Nobody Reviews Compiler Output

May 7, 2026 · coding ai-agents · Source ↗

TLDR

Coding agents lack the upstream/downstream verification apparatus compilers rely on; the missing piece is that infrastructure, not human code review.

Compilers earn trust through type systems, reproducible builds, fuzzing, and sanitizers. Agents have none of that equivalent yet.
Michael Novati’s 417 PRs in a single day makes volumetric code review impossible, exposing a process gap, not just a scale gap.
Three layers are missing: formal specification agents execute against, AI-checks-AI CI pipelines, and production rollback culture applied to agent-generated changes.
Hardware chip verification is the closest model: black-box components validated by acceptance tests and dedicated test harness teams, not human inspection.
The post frames lights-out codebases as a design target, not just an inevitability, requiring formal specs, robust test infra, and fast rollback.

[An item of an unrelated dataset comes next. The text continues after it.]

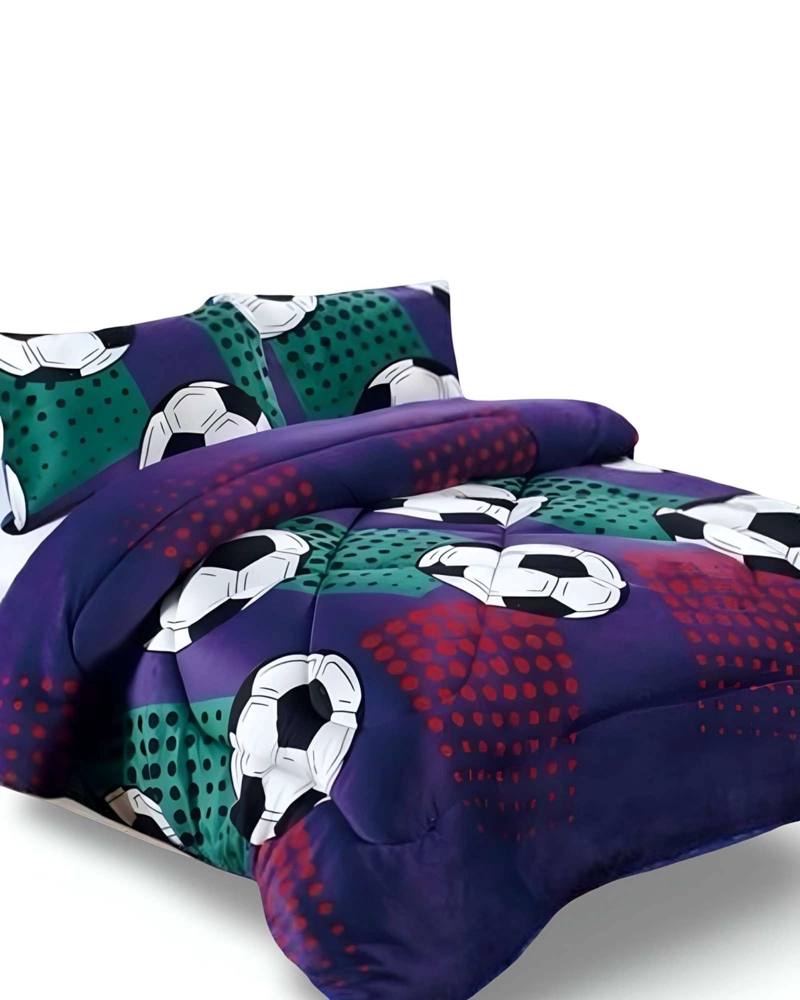 COBERTOR ELEGANTE DE INVIERNO DISEÑO PELOTA NIÑO PLUSH CON CHIPORRO PLAZA Y MEDIA S43 - 4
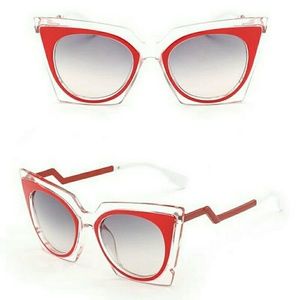 Red Clear Trendy Cateye Sunglasses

Commenters pushed back on the compiler analogy directly: compilers are not actually deterministic and do have codegen bugs, weakening the core trust argument.
The non-determinism gap is the sharpest technical objection: agent output can produce plausible-but-wrong code at high volume in ways compiler bugs cannot, making the analogy structurally incomplete.
A practical reductio surfaced: if formal specification layers are the answer, writing those specs may be harder than writing the program itself.

@zby: formal spec layers detailed enough for agents to execute against may simply be easier to just implement as code.
@secos: one team is already using the same AI to generate the formal proofs validating its AI-generated code.